岡田 雅利(大阪・大阪桐蔭)捕手 171/72 右/右





               「やっぱりモノが違った・・・・」





 2007年度の選抜大会では、全国的にも素晴らしい捕手達が集まっていた。そんな中で、やっぱり高卒即プロの素材だなあと思わせてくれたのは、170センチソコソコの、この捕手であった。

(ディフェンス面)

 中田翔が注目を浴びる中、その女房役である岡田は、しっかり自分の仕事を果たしていた。昨年観た時よりも、身体が一回りも二回りも大きくガッチリしてきた。この選手は、小柄なセンス型の捕手にありがちな、フットワークを全面に活かした運動神経まるだしタイプの捕手ではなく、ドシッと地に足の着いた構えが出来る捕手である。

 そのため余計にミットを動かすことなく、投手としては的を絞りやすい捕手だろう。それでいて、やはりこの選手の運動神経は違う。ワンバウンド処理や打球への瞬時の反応は素晴らしい。当然グラブ捌きも、他の捕手とはひと味違った上手さがある。

 元々高校生としては、ビックリするような強肩の持ち主だったのだが、更に捕ってからの素早さ・制球力にも磨きがかかり、塁間1.8秒台をコンスタントにマークする、大学・社会人捕手達と混ぜてもトップランクのスローイングを誇っている。

 当然素材としては、申し分ない。ただしいて云えば、リード面・投手への配慮などの面で、まだまだ物足りなさを感じるのも事実。この辺の技術以外の想像力・視野の広さなどが磨かれて来ると、この選手は素晴らしい捕手になれるのではないのだろうか。ことディフェンス面に関しては、◎を付けたい素材。

ボタン一つでスタジアムへ!

(打撃タイプ)

対応: 比較的ボールを観て来るタイプ

狙い球:速球でも変化球でも、内角でも外角でも打ちに来るタイプ

打球: センターに、右に左へと幅広い

 スイングを観ていると、この選手は巻き込む打撃を得意としている。そのため右方向へも打球は飛ぶが、しっかりとした打球はレフト方向に多い。そのため打てる球は、結構限られているのではないのだろうか。

 ただ小柄だからといって非力さはなくヘッドスピードはそれなりに鋭い。むしろ上のレベルを意識すると、対応力に課題があると言えよう。それでも秋の成績.486厘で、並の高校生相手ならば、充分に、打ち砕く打力は持っている。ダテに大阪桐蔭の核弾頭を努めているわけではないだろう。

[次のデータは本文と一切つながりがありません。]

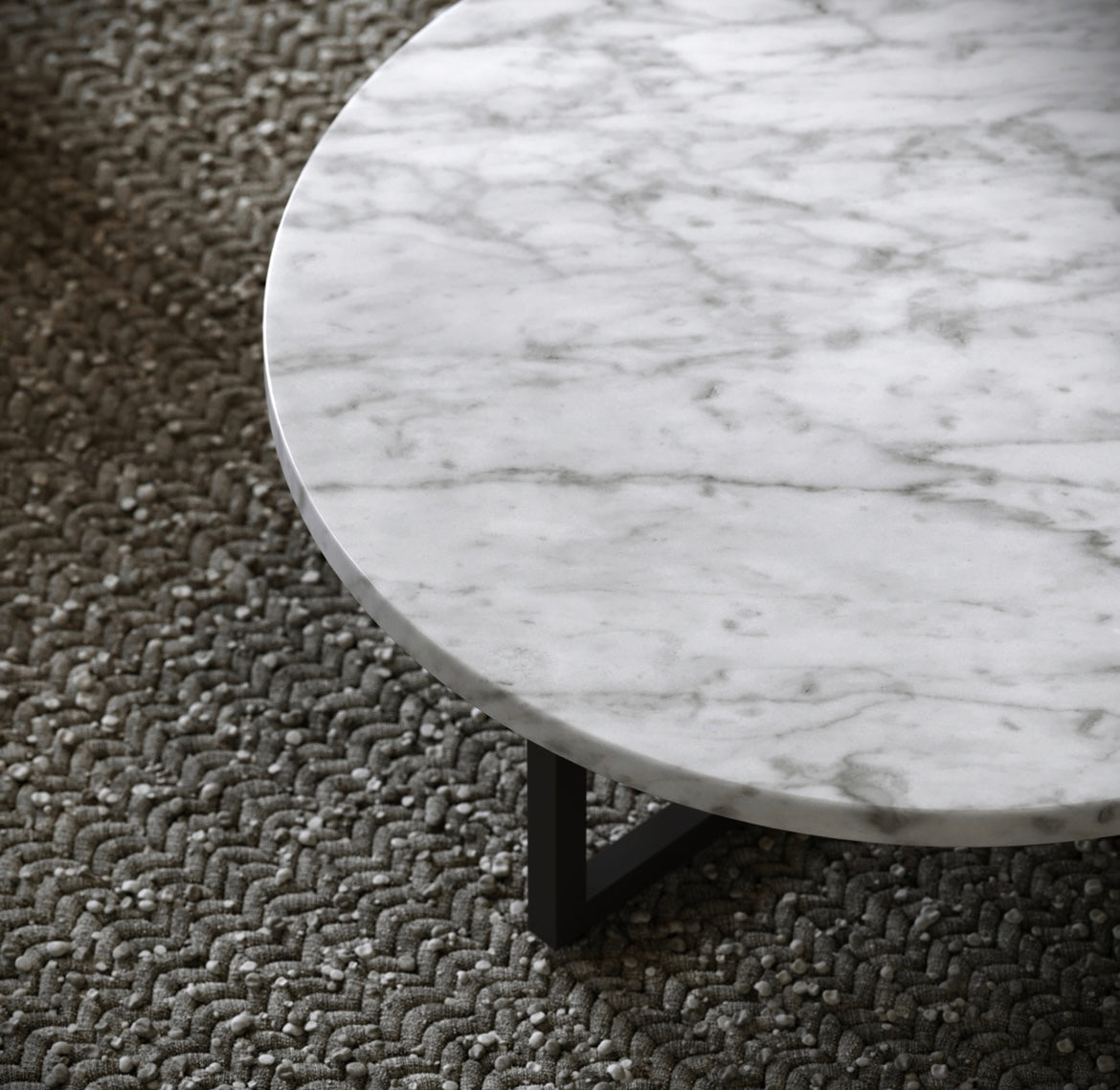 GREY MARBLE ROUND COFFEE TABLE WITH BLACK LEGS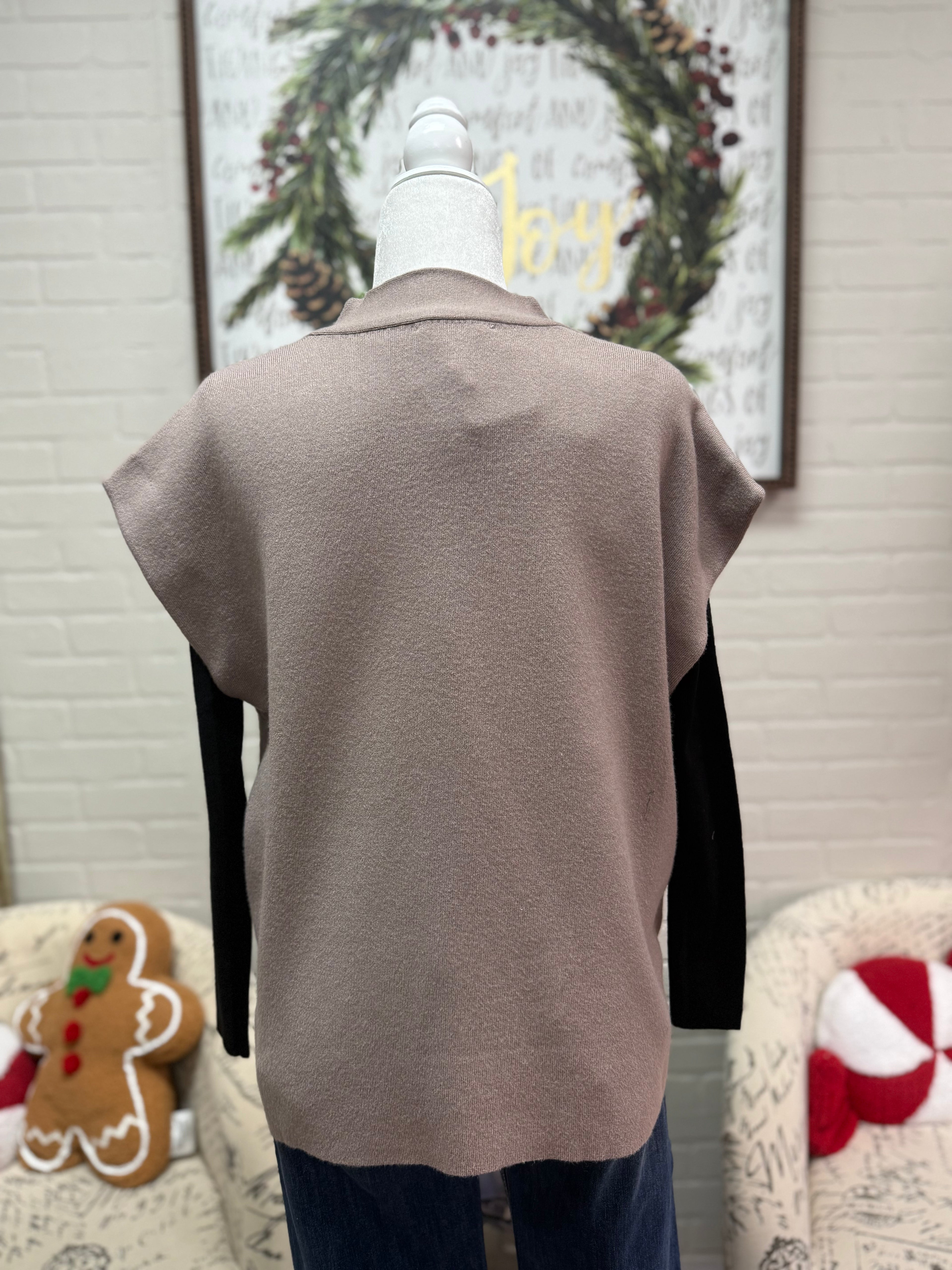 Mocha Oversized  Sweater Vest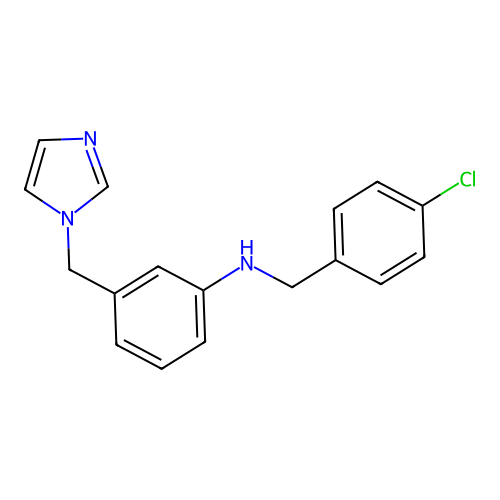 N-[(4-chlorophenyl)methyl]-3-(imidazol-1-ylmethyl)aniline structure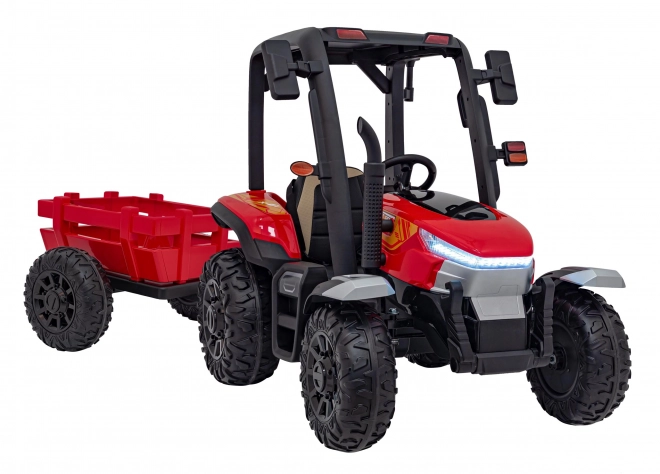 Traktor s prívesom červený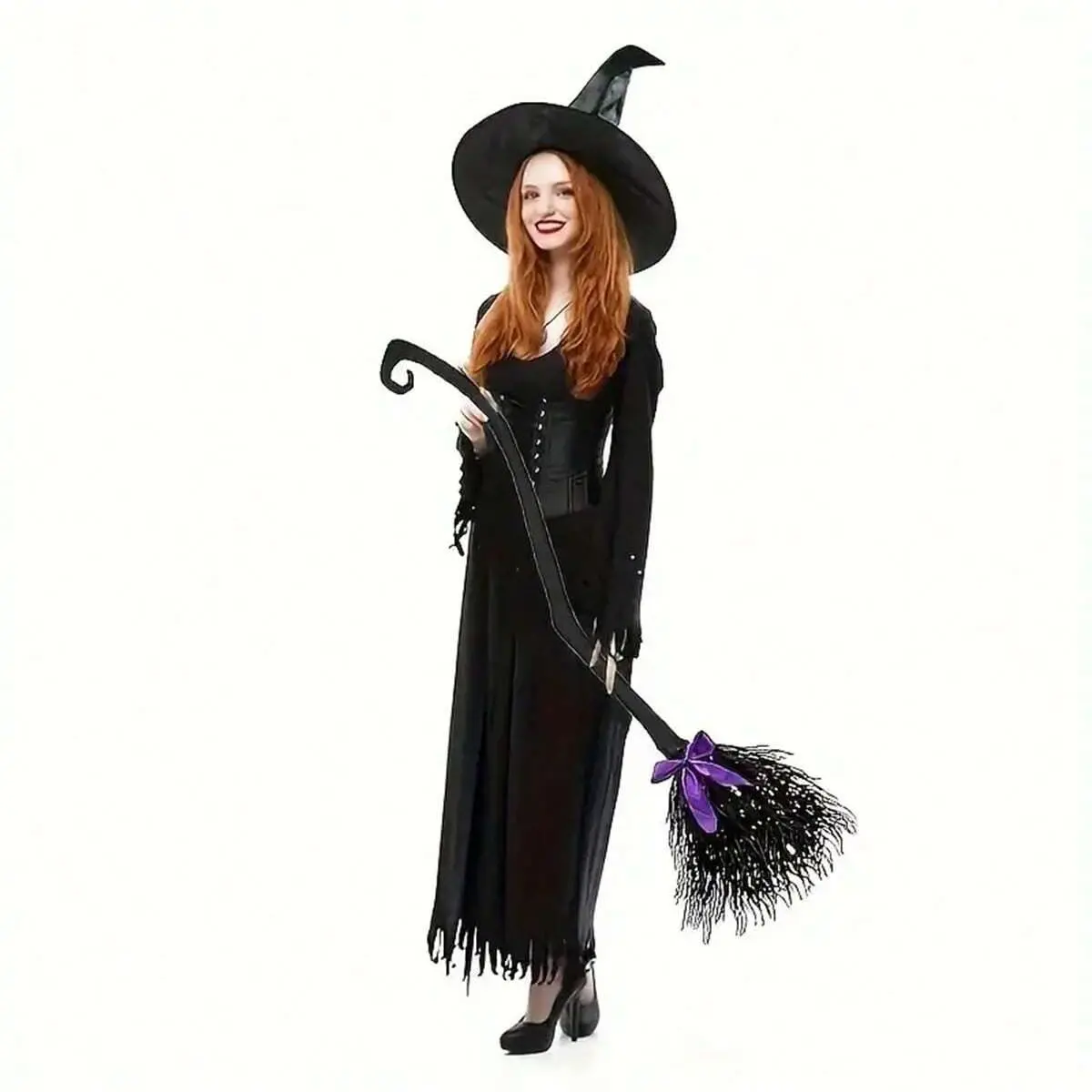 Halloween Witch Broom, Wicked Witch Broom for Cosplay, Cosplay Accessory, Party Props and Decorations, Halloween Party Supplies, Broom Props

 一番を努めるように、塁間を4.3秒ソコソコ(左打者ならば4.0秒ぐらい)と、上のレベルでも俊足レベル。ただ盗塁の数は少なく、走塁センスが高い選手ではないようだ。一発巻き込めば本塁打と云うパンチ力も秘められている。

(打撃フォーム)

 いつものように、「迷スカウトの足跡!
2007年度4月9日更新分に、彼の打撃フォーム連続写真が掲載されているので、そちらも参考にしながら読み進めて欲しい。

待っている 逸材達が! 

<構え> 
☆☆☆

 写真1を観ると、前足を軽く引いているが、ほぼスクエアスタンスと考えてよいだろう。グリップの高さは平均的で、バットを立てて構えている。腰の据わり・全体のバランスは並ぐらい、両目でしっかり前を見据えられているのは好い。


<仕掛け> 
早め~平均的な仕掛け

 投手の引き上げた足が下がり始めた時に始動し始め、本格的な始動は底に到達したあたりで始動している。仕掛けが速ければ、それだけアベレージ打者の傾向が強く、彼はアベレージ打者と中距離打者の中間あたりに位置するタイプの打者と云うのが本質だろう。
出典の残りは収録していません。